Answer:
(x = 1/7, y = 2) and (x = 1, y = 2).
Explanation:
To solve the system of equations y - 2x = 0 and x² - 2xy + 4x + 2y = y² + 1, we will first manipulate one of the equations to express one variable in terms of the other and then substitute it into the other equation.
Step 1: Solve y - 2x = 0 for y.
y = 2x
Step 2: Substitute y = 2x into the second equation x² - 2xy + 4x + 2y = y² + 1.
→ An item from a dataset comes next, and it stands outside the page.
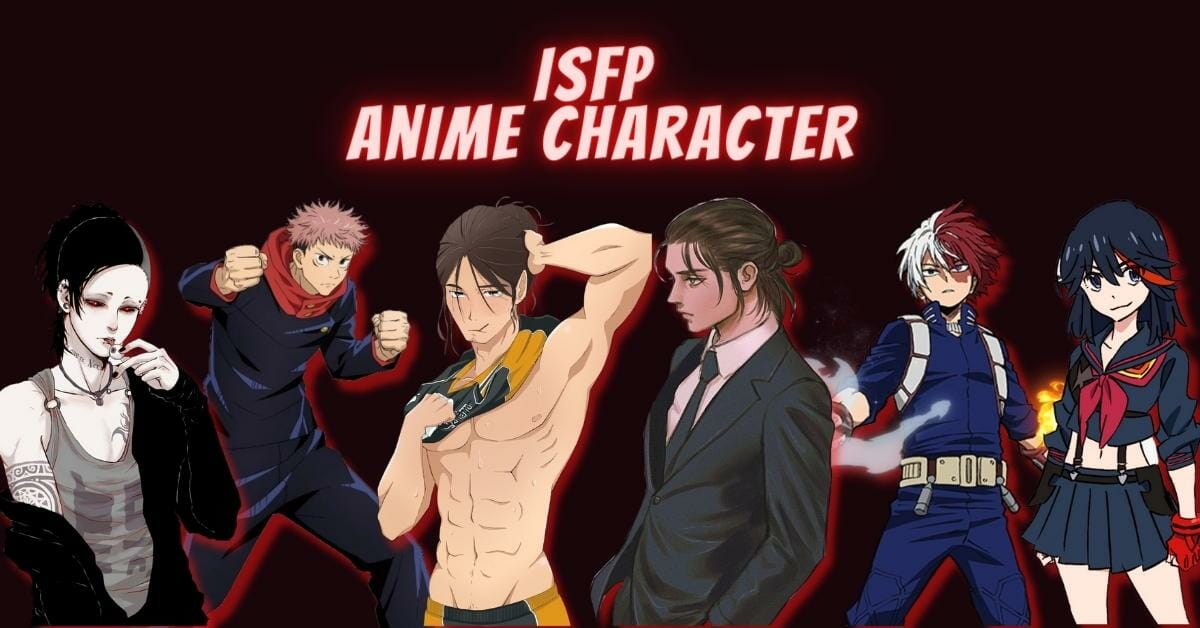 Infp T Anime Characters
x² - 2x(2x) + 4x + 2(2x) = (2x)² + 1
x² - 4x² + 4x + 4x = 4x² + 1
-3x² + 8x = 4x² + 1
Step 3: Bring all terms to one side of the equation to form a quadratic equation.
-3x² - 4x² + 8x - 1 = 0
-7x² + 8x - 1 = 0
Step 4: Solve the quadratic equation for x. We can use the quadratic formula: x = (-b ± √(b² - 4ac)) / 2a.
In this case, a = -7, b = 8, and c = -1.
x = [-(8) ± √((8)² - 4(-7)(-1))] / 2(-7)
x = [-8 ± √(64 - 28)] / -14
x = [-8 ± √36] / -14
x = [-8 ± 6] / -14
Step 5: Find the two possible values of x.
a) x = (-8 + 6) / -14
x = -2 / -14
x = 1/7
b) x = (-8 - 6) / -14
x = -14 / -14
x = 1
So, the two possible values of x are x = 1/7 and x = 1.
Step 6: Find the corresponding values of y using y = 2x (from Step 1).
a) When x = 1/7,
y = 2(1/7)
y = 2/7
b) When x = 1,
y = 2(1)
y = 2
So, the two possible solutions to the system of equations are (x = 1/7, y = 2) and (x = 1, y = 2).